Suppose a population of \(N\) individuals contains \(G\) good individuals, and you take a simple random sample of size \(n\). How many samples contain \(g\) good elements?

The number of samples that contain \(g\) good individuals is obtained by the product rule:

  • Pick \(g\) individuals from the \(G\) good individuals in the population. You can do this in \(\binom{G}{g}\) ways.

  • For each choice of these \(g\) good individuals, there are \(\binom{N-G}{n-g}\) choices of bad individuals you can make.

So the total number of samples containing \(g\) good individuals is

\[ \binom{G}{g}\binom{N-G}{n-g} \]

The chance of getting \(g\) good elements in the sample is

\[ \frac {\binom{G}{g}\binom{N-G}{n-g}} { \binom{N}{n} } \]

These are called hypergeometric probabilities because the formula is related to the hypergeometric series of mathematics.

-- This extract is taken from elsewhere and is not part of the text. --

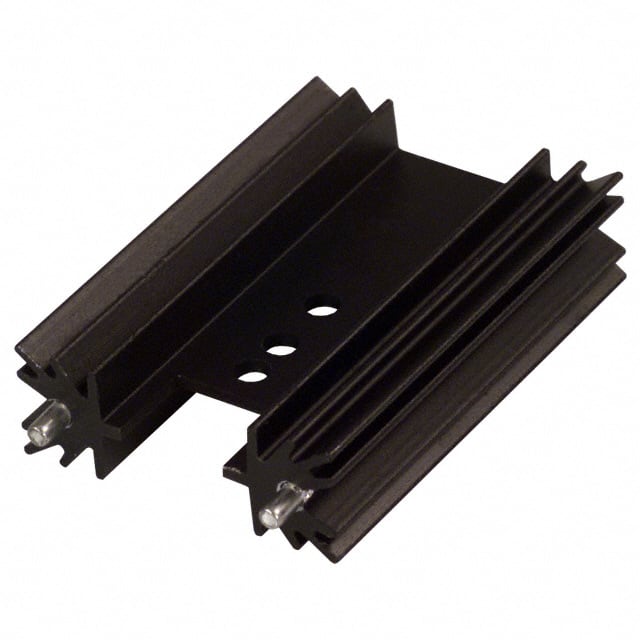 531202B02500G HEATSINK TO-220 POWER W/PINS BK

We won’t be dealing with that series in this course, but we can still use the impressive name. We will have a lot more to do with these probabilities later in the course.

Technical Note: If you are really careful, you will have started by trying to figure out which values of \(g\) should be considered here. Because it is the number of good elements in the sample, we know \(g \le \min(n, G)\). By considering the number of bad elements in the sample, we have \(n-g \le \min(n, N-G)\) and so \(g \ge \max(0, n-N+G)\).

But you need not worry about these technical details. Just define \(\binom{a}{b}\) to be 0 if it is counting impossible choices, for example \(\binom{5}{10}\) or \(\binom{6}{-4}\). Then the hypergeometric formula for the chance of \(g\) good elements will just work out to be 0 if it is impossible to get \(g\) good elements in the sample.

Quick Check

A bridge hand is 13 cards dealt from a standard deck of 52 cards, of which 4 are aces. What is the chance that there are two aces in a bridge hand?